**PROBLEM DESCRIPTION**
Your copy should contain exactly the lines from the start of the material through the line containing "Indiana abortion clinics", and no pictures.

**SUPPLIED MATERIAL**

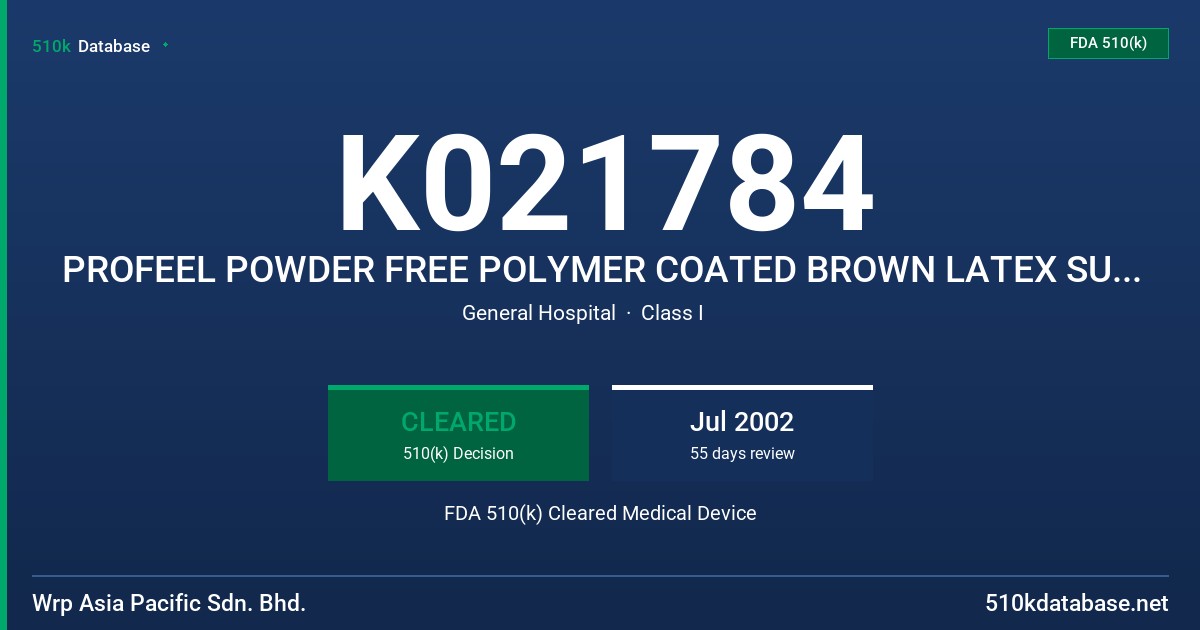 K021784 PROFEEL POWDER FREE POLYMER COATED BROWN LATEX SURGICAL GLOVES, STERILE (PROTEIN LABELING CLAIM) FDA 510(k) Cleared Medical Device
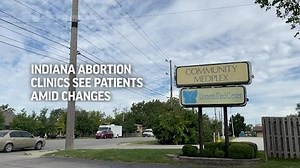 Indiana abortion clinics see patients amid changes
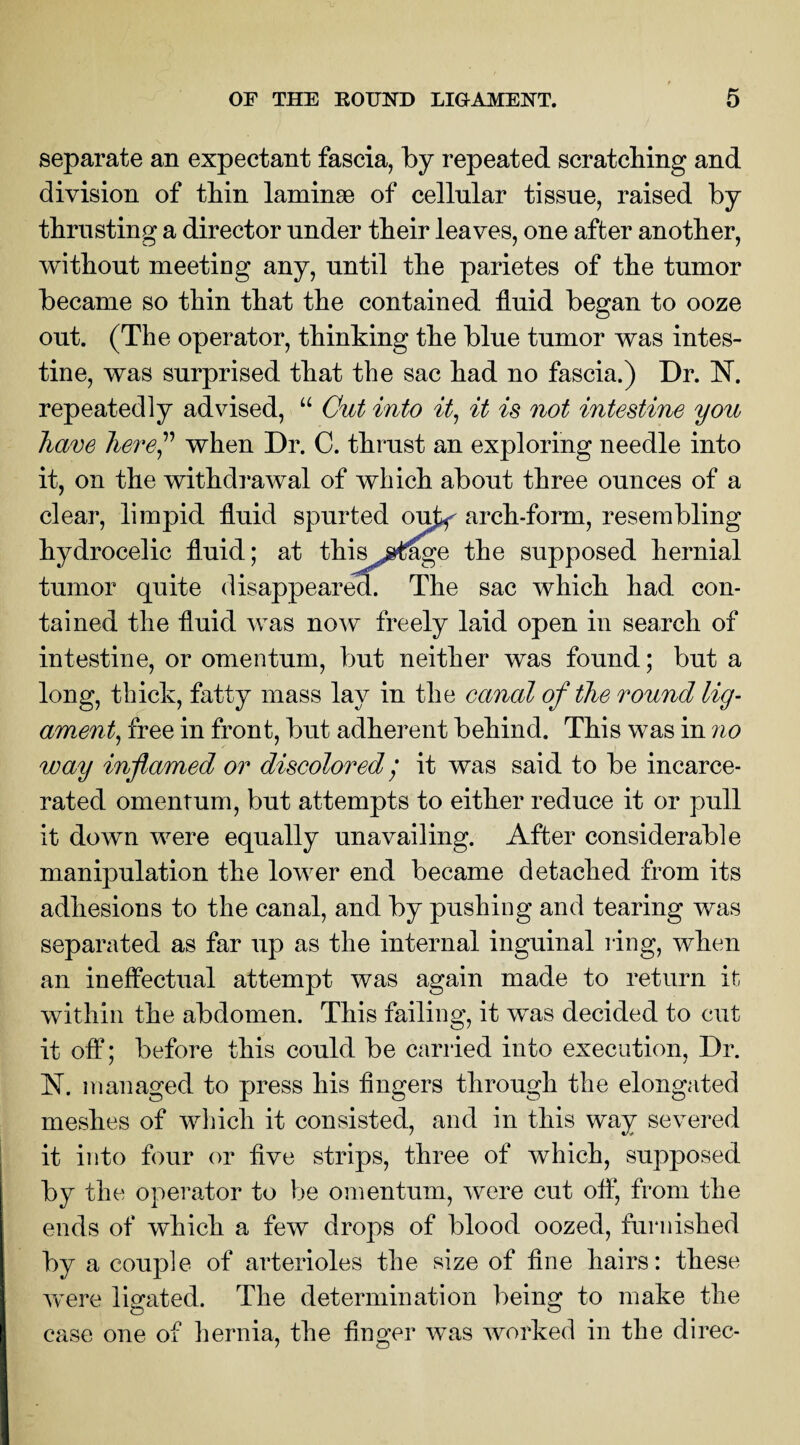 separate an expectant fascia, by repeated scratching and division of thin laminae of cellular tissue, raised by thrusting a director under their leaves, one after another, without meeting any, until the parietes of the tumor became so thin that the contained fluid began to ooze out. (The operator, thinking the blue tumor was intes¬ tine, was surprised that the sac had no fascia.) Dr. N. repeatedly advised, “ Cut into it, it is not intestine you have here ” when Dr. C. thrust an exploring needle into it, on the withdrawal of which about three ounces of a clear, limpid fluid spurted ou^ arch-form, resembling hydrocelic fluid; at this j^ge the supposed hernial tumor quite disappeared. The sac which had con¬ tained the fluid was now freely laid open in search of intestine, or omentum, but neither was found; but a long, thick, fatty mass lay in the canal of the round lig¬ ament, free in front, but adherent behind. This was in no way inflamed or discolored / it was said to be incarce¬ rated omentum, but attempts to either reduce it or pull it down were equally unavailing. After considerable manipulation the lower end became detached from its adhesions to the canal, and by pushing and tearing was separated as far up as the internal inguinal ring, when an ineffectual attempt was again made to return it within the abdomen. This failing, it was decided to cut it off; before this could be carried into execution, Dr. N. managed to press his Angers through the elongated meshes of which it consisted, and in this way severed it into four or five strips, three of which, supposed by the operator to be omentum, were cut off, from the ends of which a few drops of blood oozed, furnished by a couple of arterioles the size of fine hairs: these were ligated. The determination being to make the case one of hernia, the finger was worked in the direc-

**ANSWER TO THE EXERCISE**
 K021784 PROFEEL POWDER FREE POLYMER COATED BROWN LATEX SURGICAL GLOVES, STERILE (PROTEIN LABELING CLAIM) FDA 510(k) Cleared Medical Device
 Indiana abortion clinics see patients amid changes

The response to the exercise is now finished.